Encoding physics to learn reaction–diffusion processes
编码物理学习反应-扩散过程
反応‐拡散プロセスを学習するための物理のコーディング
반응 - 확산 과정을 학습하기 위해 물리학 코딩
Física codificada para aprender el proceso de reacción - Difusión
Coder la physique pour apprendre les réactions - processus de diffusion
Физика кодирования для изучения реакционно - диффузионных процессов
Chengping Rao 饶成平 ¹ ², Pu Ren 任普 ³, Qi Wang 王琦 ¹, Oral Buyukozturk ⁴, Hao Sun 孙浩 ¹ ⁵, Yang Liu 刘扬 ⁶
¹ Gaoling School of Artificial Intelligence, Renmin University of China, Beijing, China
中国 北京 中国人民大学高瓴人工智能学院
² Department of Mechanical and Industrial Engineering, Northeastern University, Boston, MA, USA
³ Department of Civil and Environmental Engineering, Northeastern University, Boston, MA, USA
⁴ Department of Civil and Environmental Engineering, MIT, Cambridge, MA, USA
⁵ Beijing Key Laboratory of Big Data Management and Analysis Methods, Beijing, China
中国 北京 大数据管理与分析方法研究北京市重点实验室
⁶ School of Engineering Science, University of Chinese Academy of Sciences, Beijing, China
中国 北京 中国科学院大学 工程科学学院
Modelling complex spatiotemporal dynamical systems, such as reaction–diffusion processes, which can be found in many fundamental dynamical effects in various disciplines, has largely relied on finding the underlying partial differential equations (PDEs). However, predicting the evolution of these systems remains a challenging task for many cases owing to insufficient prior knowledge and a lack of explicit PDE formulation for describing the nonlinear process of the system variables.
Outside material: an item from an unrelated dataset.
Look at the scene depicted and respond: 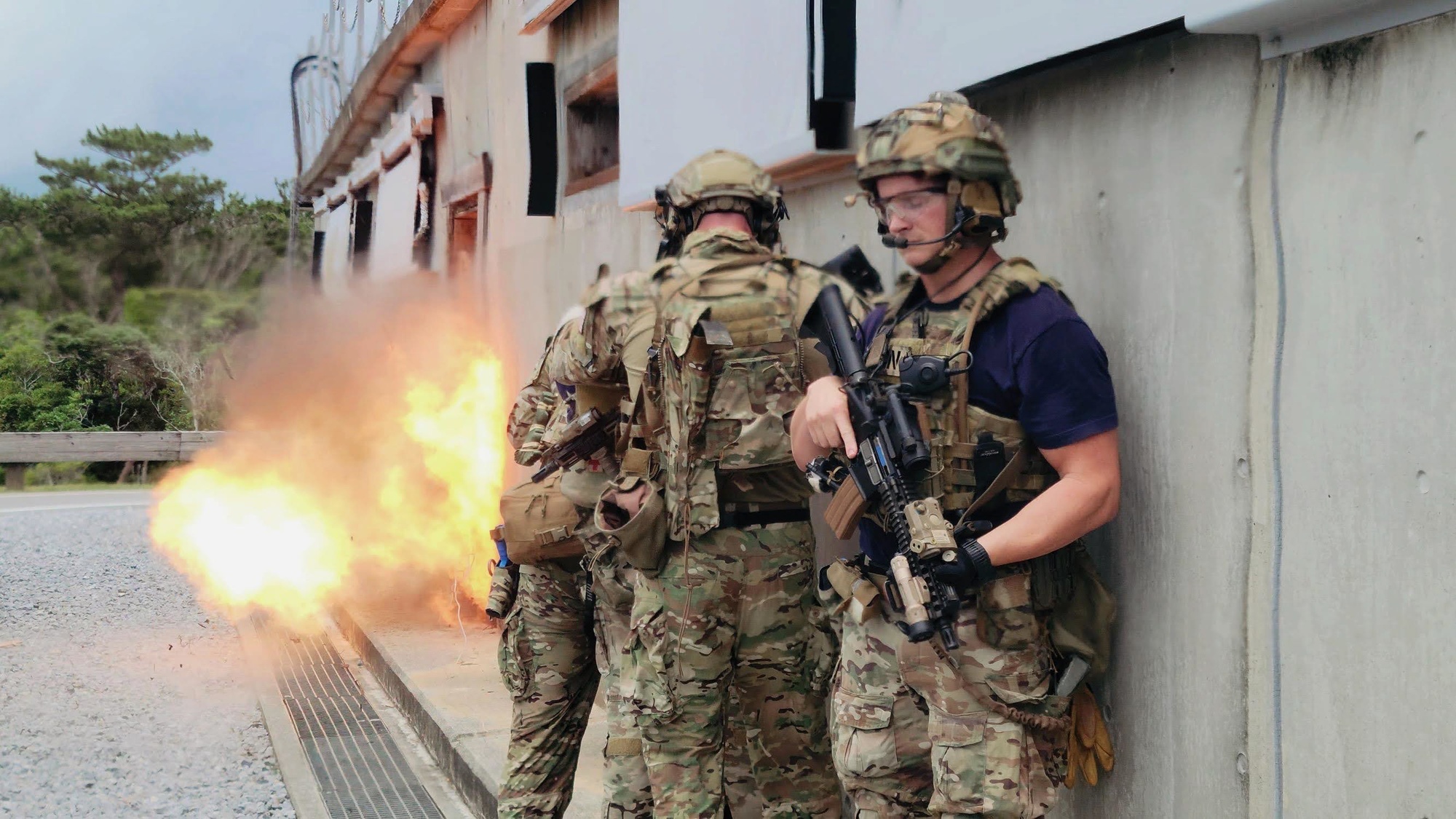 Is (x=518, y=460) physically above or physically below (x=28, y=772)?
above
With recent data-driven approaches, it is possible to learn from measurement data while adding prior physics knowledge. However, existing physics-informed machine learning paradigms impose physics laws through soft penalty constraints, and the solution quality largely depends on a trial-and-error proper setting of hyperparameters. Here we propose a deep learning framework that forcibly encodes a given physics structure in a recurrent convolutional neural network to facilitate learning of the spatiotemporal dynamics in sparse data regimes.
We show with extensive numerical experiments how the proposed approach can be applied to a variety of problems regarding reaction–diffusion processes and other PDE systems, including forward and inverse analysis, data-driven modelling and discovery of PDEs. We find that our physics-encoding machine learning approach shows high accuracy, robustness, interpretability and generalizability.